NEW YORK (Reuters) - American Apparel Inc has adopted a one-year shareholder rights plan to help its board of directors better protect its stockholders and ensure they are treated fairly, the company said on Saturday.
The company said its action came in response to reports of rapid accumulation of American Apparel's outstanding common stock, and in the context of a Securities Exchange Commission filing in which its ousted founder and chief executive, Dov Charney, expressed an intent to increase control or influence over the company.
The move, made by a special committee of the company's board of directors, is intended to limit the ability of any group or person, including Charney, "to seize control of the company without appropriately compensating all American Apparel stockholders."
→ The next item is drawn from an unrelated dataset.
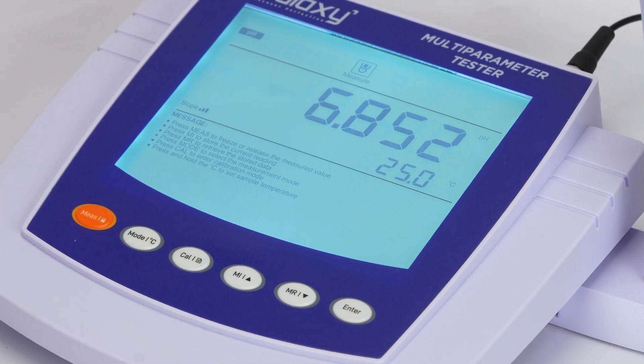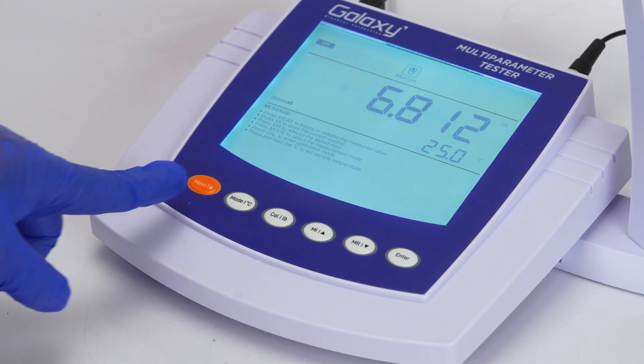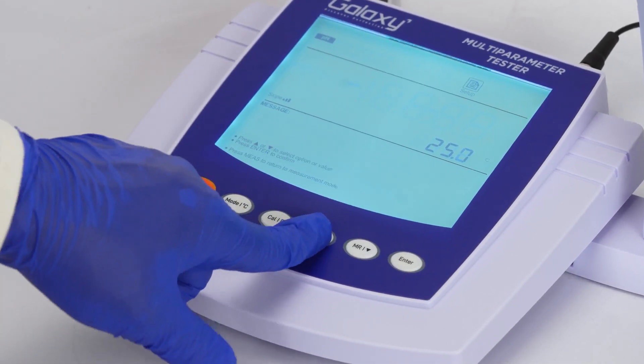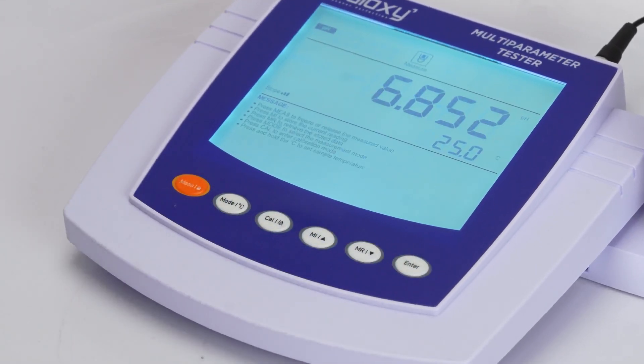If the temperature probe isn't detected, the meter switches to manual mode. Hold the mode key, adjust the temperature using the up or down keys, and press enter to save.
The plan, allowing a person or group to acquire up to 15 percent of common stock, is similar to other arrangements adopted by publicly held companies and is not aimed to prevent or deter takeover bids that offer fair treatment, the company said.
Initially, "the rights will be attached to all shares of common stock" and "each right entitles the holder to purchase one ten-thousandth of a share of preferred stock at an exercise price of $2.75," the company said in a statement.
American Apparel's board ousted the 45-year-old Charney as chairman earlier this month, citing unspecified allegations of misconduct. It suspended him as president and chief executive officer, and plans to fire him for cause, following a 30-day period stipulated in his contract.